Compare Text Similarity Across Lists
same_text.Rd
Computes similarity scores between two or more lists of character strings. Implements multiple string distance algorithms including edit-based methods (OSA, Levenshtein, Damerau-Levenshtein, Hamming), sequence-based approaches (LCS), q-gram techniques (qgram, cosine, jaccard), phonetic matching (soundex), and hybrid methods (Jaro-Winkler).
Arguments
- ...
Lists of character strings to compare.
- method
Character vector of similarity methods from
stringdist
(default: c("osa", "lv", "dl", "hamming", "lcs", "qgram", "cosine", "jaccard", "jw", "soundex")).- q
Size of q-gram for "qgram", "cosine", and "jaccard" methods (default: 1).
- p
Winkler scaling factor for "jw" method (default: 0.1).
- bt
Booth matching threshold for "jw" method (default: 0).
- weight
Vector of weights for operations: deletion (d), insertion (i), substitution (s), transposition (t) for "osa", "lv", and "dl" methods.
- digits
Number of digits to round results (default: 3).
Value
An S3 class object of type "similar_text" containing:
scores: Numeric similarity scores by method and comparison
summary: Summary statistics by method and comparison
methods: Methods used for comparison
list_names: Names of compared lists
Examples
list1 <- list("hello", "world")
list2 <- list("helo", "word")
# Using unnamed lists
result1 <- same_text(list1, list2)
#> ✔ Computed osa scores for "list1_list2" [mean: 0.8]

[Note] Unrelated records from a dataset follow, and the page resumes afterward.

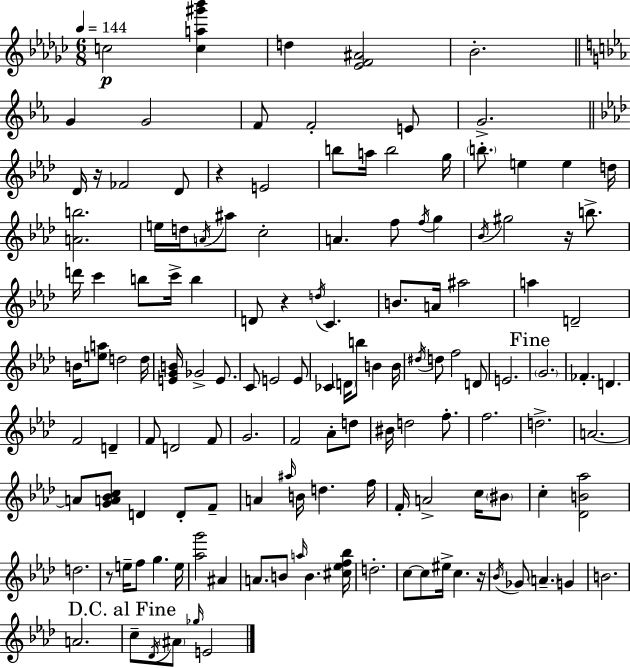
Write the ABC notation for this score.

X:1
T:Untitled
M:6/8
L:1/4
K:Ebm
c2 [ca^g'_b'] d [_EF^A]2 _B2 G G2 F/2 F2 E/2 G2 _D/4 z/4 _F2 _D/2 z E2 b/2 a/4 b2 g/4 b/2 e e d/4 [Ab]2 e/4 d/4 A/4 ^a/2 c2 A f/2 f/4 g _B/4 ^g2 z/4 b/2 d'/4 c' b/2 c'/4 b D/2 z d/4 C B/2 A/4 ^a2 a D2 B/4 [ea]/2 d2 d/4 [EGB]/4 _G2 E/2 C/2 E2 E/2 _C D/4 b/2 B B/4 ^d/4 d/2 f2 D/2 E2 G2 _F D F2 D F/2 D2 F/2 G2 F2 _A/2 d/2 ^B/4 d2 f/2 f2 d2 A2 A/2 [GA_Bc]/2 D D/2 F/2 A ^a/4 B/4 d f/4 F/4 A2 c/4 ^B/2 c [_DB_a]2 d2 z/2 e/4 f/2 g e/4 [_ag']2 ^A A/2 B/2 a/4 B [^c_ef_b]/4 d2 c/2 c/2 ^e/4 c z/4 _B/4 _G/2 A G B2 A2 c/2 _D/4 ^A/2 _g/4 E2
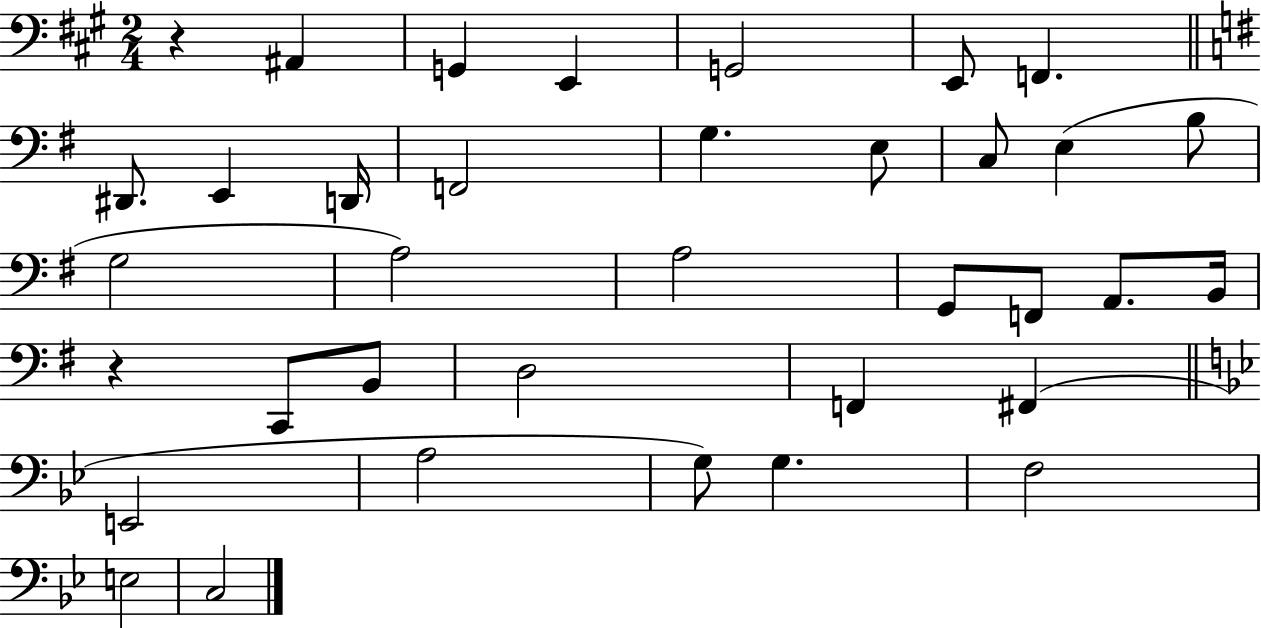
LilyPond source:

{
  \clef bass
  \numericTimeSignature
  \time 2/4
  \key a \major
  r4 ais,4 | g,4 e,4 | g,2 | e,8 f,4. | \break \bar "||" \break \key e \minor dis,8. e,4 d,16 | f,2 | g4. e8 | c8 e4( b8 | \break g2 | a2) | a2 | g,8 f,8 a,8. b,16 | \break r4 c,8 b,8 | d2 | f,4 fis,4( | \bar "||" \break \key bes \major e,2 | a2 | g8) g4. | f2 | \break e2 | c2 | \bar "|."
}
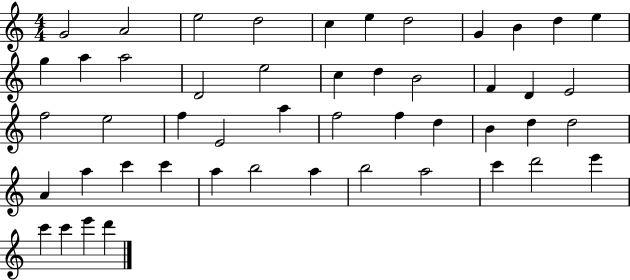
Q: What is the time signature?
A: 4/4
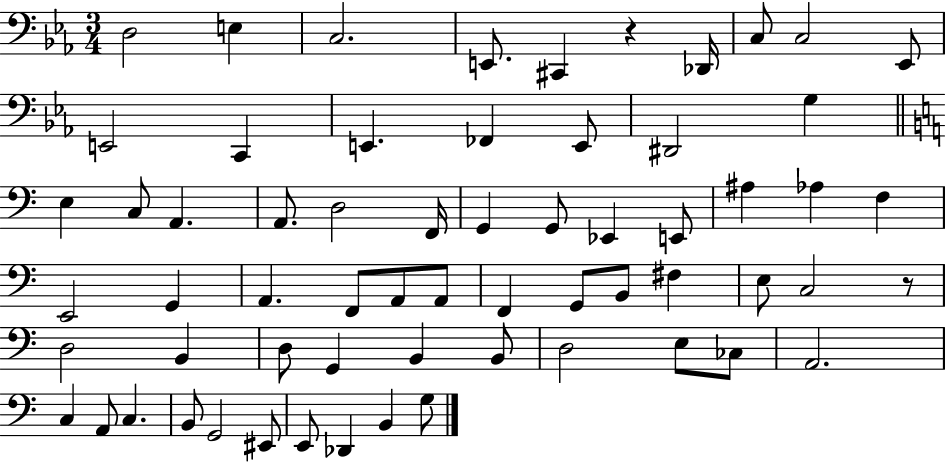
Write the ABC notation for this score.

X:1
T:Untitled
M:3/4
L:1/4
K:Eb
D,2 E, C,2 E,,/2 ^C,, z _D,,/4 C,/2 C,2 _E,,/2 E,,2 C,, E,, _F,, E,,/2 ^D,,2 G, E, C,/2 A,, A,,/2 D,2 F,,/4 G,, G,,/2 _E,, E,,/2 ^A, _A, F, E,,2 G,, A,, F,,/2 A,,/2 A,,/2 F,, G,,/2 B,,/2 ^F, E,/2 C,2 z/2 D,2 B,, D,/2 G,, B,, B,,/2 D,2 E,/2 _C,/2 A,,2 C, A,,/2 C, B,,/2 G,,2 ^E,,/2 E,,/2 _D,, B,, G,/2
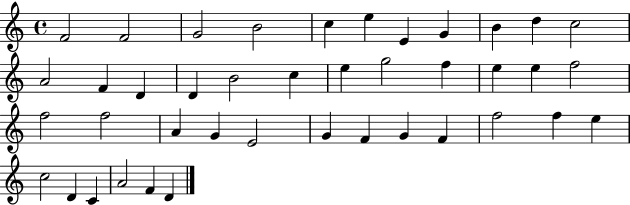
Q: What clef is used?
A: treble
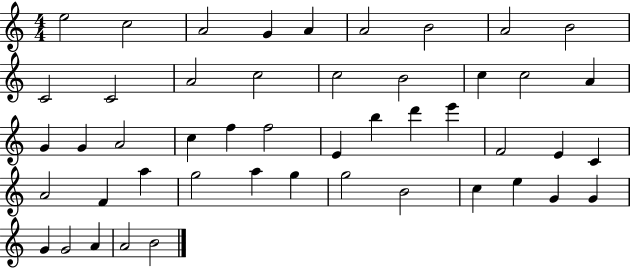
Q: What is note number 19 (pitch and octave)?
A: G4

#> ✔ Computed lv scores for "list1_list2" [mean: 0.8]
#> ✔ Computed dl scores for "list1_list2" [mean: 0.8]
#> ✔ Computed hamming scores for "list1_list2" [mean: 0]
#> ✔ Computed lcs scores for "list1_list2" [mean: 0.8]
#> ✔ Computed qgram scores for "list1_list2" [mean: 0.889]
#> ✔ Computed cosine scores for "list1_list2" [mean: 0.92]
#> ✔ Computed jaccard scores for "list1_list2" [mean: 0.9]
#> ✔ Computed jw scores for "list1_list2" [mean: 0.953]
#> ✔ Computed soundex scores for "list1_list2" [mean: 0.5]
# Using named lists for more control
result2 <- same_text("l1" = list1, "l2" = list2)
#> ✔ Computed osa scores for "l1_l2" [mean: 0.8]
#> ✔ Computed lv scores for "l1_l2" [mean: 0.8]
#> ✔ Computed dl scores for "l1_l2" [mean: 0.8]
#> ✔ Computed hamming scores for "l1_l2" [mean: 0]
#> ✔ Computed lcs scores for "l1_l2" [mean: 0.8]
#> ✔ Computed qgram scores for "l1_l2" [mean: 0.889]
#> ✔ Computed cosine scores for "l1_l2" [mean: 0.92]
#> ✔ Computed jaccard scores for "l1_l2" [mean: 0.9]
#> ✔ Computed jw scores for "l1_l2" [mean: 0.953]
#> ✔ Computed soundex scores for "l1_l2" [mean: 0.5]